_Task goal_.
Pictures are to be left out. Return exactly the lines below from the one with "ABAT Antibody" up to and including the one with "عمل تیپ پلاستی بینی در تربیت تبریز".

_Source information_.
● ● ●

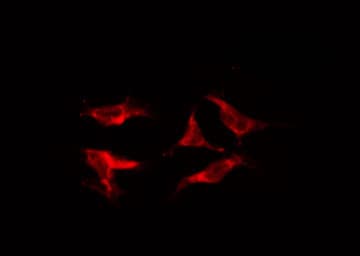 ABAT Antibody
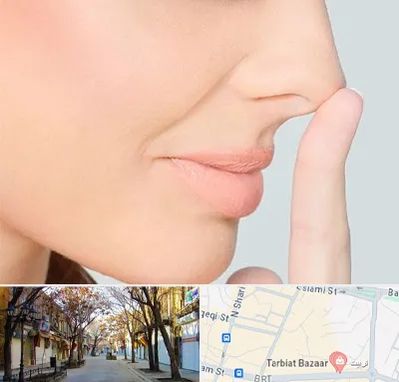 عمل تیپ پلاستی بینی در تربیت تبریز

● ● ●

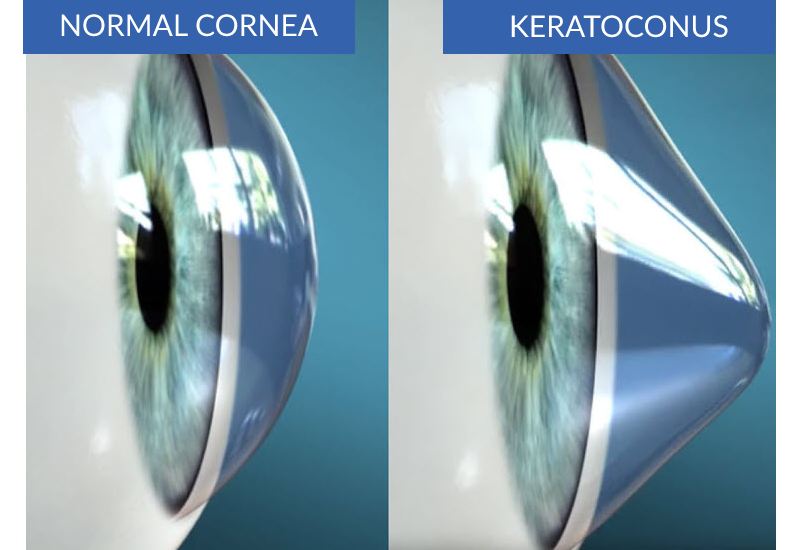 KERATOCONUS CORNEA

● ● ●

_Response area_.
 ABAT Antibody
 عمل تیپ پلاستی بینی در تربیت تبریز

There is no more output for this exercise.